Library models¶
Membrane equations¶
Library models are defined using the MembraneEquation
class. This is a subclass of
Equations
which is defined by a capacitance C and a sum of currents. The following instruction:
eqs=MembraneEquation(200*pF)
defines the equation C*dvm/dt=0*amp, with the membrane capacitance C=200 pF. The name of the membrane potential variable can be changed as follows:
eqs=MembraneEquation(200*pF,vm='V')
The main interest of this class is that one can use it to build models by adding currents to a membrane
equation. The Current
class is a subclass of Equations
which defines a current to be added
to a membrane equation. For example:
eqs=MembraneEquation(200*pF)+Current('I=(V0-vm)/R : amp',current_name='I')
defines the same equation as:
eqs=Equations('''
dvm/dt=I/(200*pF) : volt
I=(V0-vm)/R : amp
''')
The keyword current_name
is optional if there is no ambiguity, i.e., if there is only one variable
or only one variable with amp units. As for standard equations, Current
objects can be initialised with
a multiline string (several equations). By default, the convention for the current direction is the one for injected
current. For the ionic current convention, use the IonicCurrent
class:
eqs=MembraneEquation(200*pF)+IonicCurrent('I=(vm-V0)/R : amp')
Compartmental modelling¶
Compartmental neuron models can be created by merging several MembraneEquation
objects,
with the compartments
module. If soma
and dendrite
are two compartments defined as
MembraneEquation
objects, then a neuron with those 2 compartments can be created as follows:
neuron_eqs=Compartments({'soma':soma,'dendrite':dendrite})
neuron_eqs.connect('soma','dendrite',Ra)
neuron=NeuronGroup(1,model=neuron_eqs)
The Compartments
object is initialised with a dictionary of MembraneEquation
objects.
The returned object neuron_eqs
is also a MembraneEquation
object, where the name of
each compartment has been appended to variable names (with a leading underscore).

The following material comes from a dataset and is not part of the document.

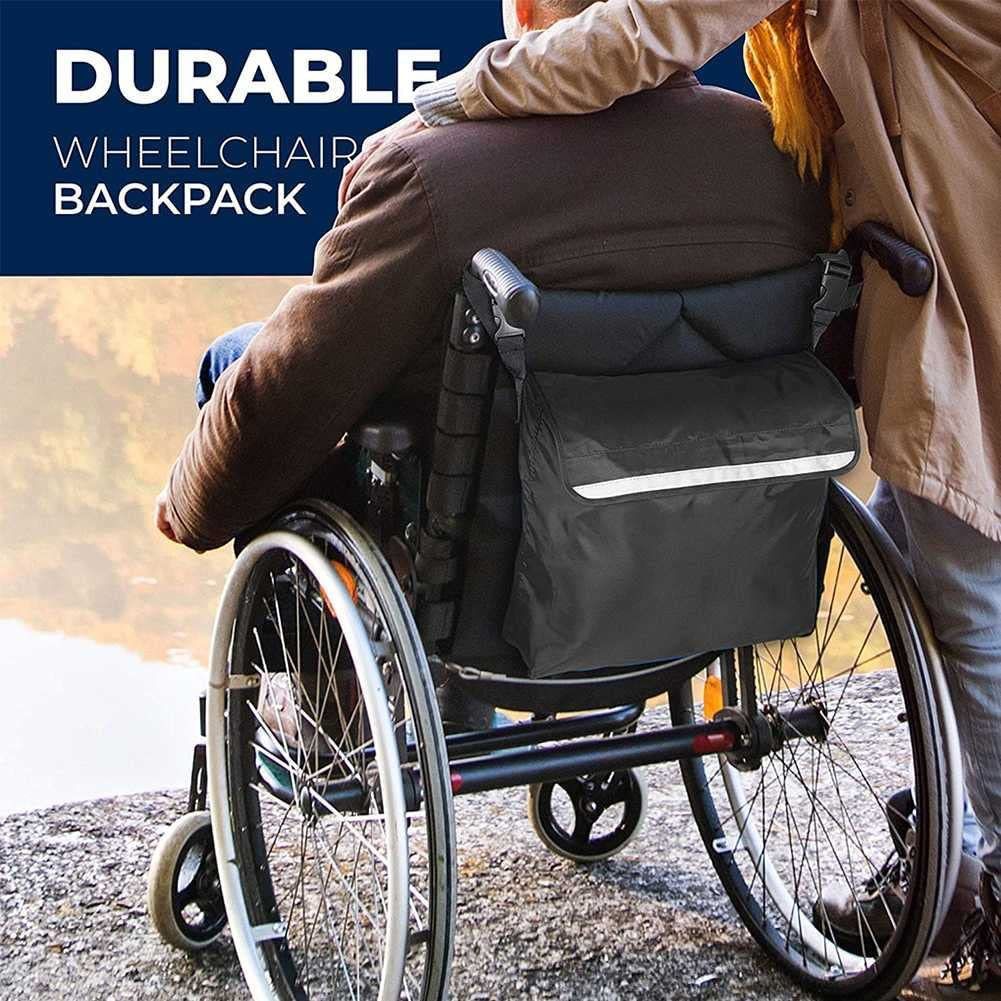Wheelchair Pouch Bag - Backpack Storage for Rollator & Wheelchair Accessories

For example, neuron.vm_soma
refers to variable vm
of the somatic compartment.
The connect
method adds a coupling current between the two named compartments, with the given
resistance Ra
.
Integrate-and-Fire models¶
A few standard Integrate-and-Fire models are implemented in the IF
library module:
from brian.library.IF import *
All these functions return Equations
objects (more precisely, MembraneEquation
objects).
Leaky integrate-and-fire model (
dvm/dt=(El-vm)/tau : volt
):eqs=leaky_IF(tau=10*ms,El=-70*mV)
Perfect integrator (
dvm/dt=Im/tau : volt
):eqs=perfect_IF(tau=10*ms)
Quadratic integrate-and-fire model (
C*dvm/dt=a*(vm-EL)*(vm-VT) : volt
):eqs=quadratic_IF(C=200*pF,a=10*nS/mV,EL=-70*mV,VT=-50*mV)

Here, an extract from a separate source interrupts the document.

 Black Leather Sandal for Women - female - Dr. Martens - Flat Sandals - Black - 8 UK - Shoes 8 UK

Exponential integrate-and-fire model (
C*dvm/dt=gL*(EL-vm)+gL*DeltaT*exp((vm-VT)/DeltaT) :volt
):eqs=exp_IF(C=200*pF,gL=10*nS,EL=-70*mV,VT=-55*mV,DeltaT=3*mV)
In general, it is possible to define a neuron group with different parameter values for each neuron, by passing strings at initialisation. For example, the following code defines leaky integrate-and-fire models with heterogeneous resting potential values:
eqs=leaky_IF(tau=10*ms,El='V0')+Equations('V0:volt')
group=NeuronGroup(100,model=eqs,reset=0*mV,threshold=15*mV)
Two-dimensional IF models¶
Integrate-and-fire models with two variables can display a very rich set of electrophysiological behaviours.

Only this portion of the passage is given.